- Former Secretary of State and current Democratic presidential candidate Hillary Clinton revealed the first piece of her campaign's energy policy on Sunday, calling for the U.S. deploy 140 GW of cumulative solar power by 2021 and generate 33% of its electricity from renewables by 2027.
- Clinton has been under increasing pressure from environmentalists, progressive donors, and her opponents for the Democratic nomination to endorse aggressive climate change and energy goals. Last week, green megadonor Tom Steyer called on each candidate to propose climate plans to get the U.S. to 50% renewables by 2030.
- Sen. Bernie Sanders (I-VT), who has been gaining on Clinton in the polls, has endorsed a carbon tax and has one of the strongest climate records in the senate. Maryland Gov. Martin O'Malley, another Clinton challenger, has proposed a plan he says would get the United States to 100% renewables by 2050.
Clinton's announcement is the first in the race to identify specific resource targets, giving analysts a chance to comment on its feasibility.

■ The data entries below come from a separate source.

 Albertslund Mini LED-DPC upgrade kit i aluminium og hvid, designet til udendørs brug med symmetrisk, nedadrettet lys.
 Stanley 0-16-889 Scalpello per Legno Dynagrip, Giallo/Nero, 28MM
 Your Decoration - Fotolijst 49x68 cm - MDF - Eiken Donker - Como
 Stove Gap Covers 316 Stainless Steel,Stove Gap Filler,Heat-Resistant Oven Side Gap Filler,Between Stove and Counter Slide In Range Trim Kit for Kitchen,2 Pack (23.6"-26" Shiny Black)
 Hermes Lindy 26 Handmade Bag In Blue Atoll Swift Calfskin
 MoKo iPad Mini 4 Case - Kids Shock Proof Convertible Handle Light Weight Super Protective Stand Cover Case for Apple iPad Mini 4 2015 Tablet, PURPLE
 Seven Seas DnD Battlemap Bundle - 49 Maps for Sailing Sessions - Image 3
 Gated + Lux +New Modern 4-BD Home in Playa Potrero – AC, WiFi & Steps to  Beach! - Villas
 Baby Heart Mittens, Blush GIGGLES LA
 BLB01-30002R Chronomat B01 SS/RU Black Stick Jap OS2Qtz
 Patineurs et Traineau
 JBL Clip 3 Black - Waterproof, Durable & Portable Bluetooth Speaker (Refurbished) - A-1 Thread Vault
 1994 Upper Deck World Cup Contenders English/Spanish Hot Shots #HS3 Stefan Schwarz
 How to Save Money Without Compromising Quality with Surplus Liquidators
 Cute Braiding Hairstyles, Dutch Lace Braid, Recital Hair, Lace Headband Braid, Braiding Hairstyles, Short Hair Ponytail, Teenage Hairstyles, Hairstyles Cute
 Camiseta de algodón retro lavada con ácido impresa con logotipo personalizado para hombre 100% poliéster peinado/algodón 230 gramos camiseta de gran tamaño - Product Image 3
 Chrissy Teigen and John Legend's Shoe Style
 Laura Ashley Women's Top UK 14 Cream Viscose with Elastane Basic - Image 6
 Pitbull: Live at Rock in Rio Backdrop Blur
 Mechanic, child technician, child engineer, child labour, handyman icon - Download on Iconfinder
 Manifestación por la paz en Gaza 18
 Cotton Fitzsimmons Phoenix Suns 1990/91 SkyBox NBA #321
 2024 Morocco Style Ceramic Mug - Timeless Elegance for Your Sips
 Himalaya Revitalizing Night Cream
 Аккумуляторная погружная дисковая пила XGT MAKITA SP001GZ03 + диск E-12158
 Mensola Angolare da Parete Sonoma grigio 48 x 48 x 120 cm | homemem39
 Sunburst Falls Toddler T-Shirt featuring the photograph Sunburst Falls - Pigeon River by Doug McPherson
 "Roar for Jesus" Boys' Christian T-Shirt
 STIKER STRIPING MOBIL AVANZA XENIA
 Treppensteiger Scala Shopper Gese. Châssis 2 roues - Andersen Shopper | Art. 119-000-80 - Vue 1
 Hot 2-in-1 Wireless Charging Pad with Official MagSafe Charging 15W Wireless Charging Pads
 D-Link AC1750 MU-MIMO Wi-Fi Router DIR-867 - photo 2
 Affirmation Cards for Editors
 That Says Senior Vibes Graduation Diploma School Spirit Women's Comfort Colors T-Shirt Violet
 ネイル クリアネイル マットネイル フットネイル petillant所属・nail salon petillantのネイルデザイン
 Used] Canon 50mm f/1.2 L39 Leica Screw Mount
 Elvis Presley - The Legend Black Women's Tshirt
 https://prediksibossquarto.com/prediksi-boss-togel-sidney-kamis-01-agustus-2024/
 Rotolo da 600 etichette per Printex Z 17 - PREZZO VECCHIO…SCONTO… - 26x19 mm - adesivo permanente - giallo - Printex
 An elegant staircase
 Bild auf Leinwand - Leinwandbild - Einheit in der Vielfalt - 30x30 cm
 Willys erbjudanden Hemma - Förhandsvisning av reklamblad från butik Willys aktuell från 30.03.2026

GTM Research wrote that getting from today's 21.1 GW of installed solar to the Democratic frontrunner's goal of 140 GW is ambitious, but it could be accomplished with the right mix of policies.
GTM's base-case forecast in its latest solar report estimates about 70 GW by the end of the decade, so Clinton's policies would need to double that amount. Whether that happens will largely depend on the extension of the solar investment tax credit, the EPA's Clean Power Plan, and state and local regulations, GTM reports.
On the Republican side, few candidates have made energy issues a focus, other than criticizing President Obama's proposed Clean Power Plan. Former Gov. Jeb Bush said last week in New Hampshire that federal subsidies for fossil fuels and renewable energy should eventually be phased out, but offered no more specifics when pressed by a questioner. By and large, the GOP candidates support an "all of the above" energy strategy, including increased exploration and production of domestic fossil fuel resources, and opposition to the Clean Power Plan.